How Does Micro Finance Work?

2yw8fgh How Does Micro Finance Work?You are probably familiar with the term ‘microfinance’, but what about its meaning? There are hundreds of microfinance charities all around the world and they provide a financial lifeline for people who can’t get credit elsewhere, so having an understanding of them is crucial to understanding what forms a significant part of the economy in some places.

Microfinance is a relatively simple concept, working on similar principles to credit unions. This means that all of its profits are put towards future loans and developments, allowing microloan charities to benefit as many people as possible. These charities can be funded in a range of ways: some are quite closely tied to the mainstream financial system, meaning that there is a sort of ‘top down’ approach to the distribution of funds.

However, many other microfinance charities and groups are member-funded. This can take a couple of different forms. One way of funding these groups is for people to donate money that is then lent to people requesting loans. For instance, people in the UK could donate money to help small businesses in Africa. The loan can then be paid back to them or they can put it towards more business ventures. The groups can also be funded locally, where small unions are set up in a particular area – the aim is that they can eventually become self-funding as more people receive and then pay back their loans.

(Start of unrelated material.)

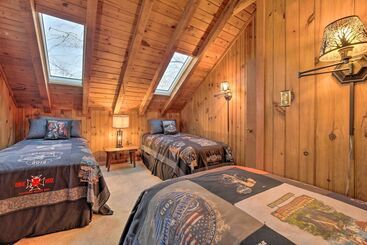 Сельский дом Maggie Valley Cabin W/ Game Room + Hot Tub!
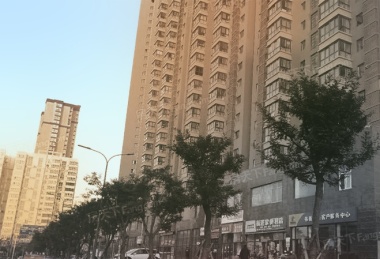 书香河畔首府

Some people question the idea of charging interest on these loans, especially as the money is going to people who are very poor. Not all institutions charge interest. However, for those that do, the interest serves a couple of purposes. One is that it helps to formalise the loans process, which means that the people receiving the money are more likely to feel that they are valued clients – as opposed to receiving charity, to which some people might be opposed and others might see as providing less incentive to pay back the money.

Another reason for charging interest on microfinance loans is that it helps to fund local unions and the charities that run these schemes, as well as offering the potential for more money to be made available for loans in the future. This means that even though much of the microfinance industry operates outside of what we might consider ‘mainstream’ financial institutions, it still upholds strict and robust economic principles – it’s main difference is that it is willing to lend money to people who ordinarily would not be able to get credit elsewhere and so plays a valuable role in the world of finance.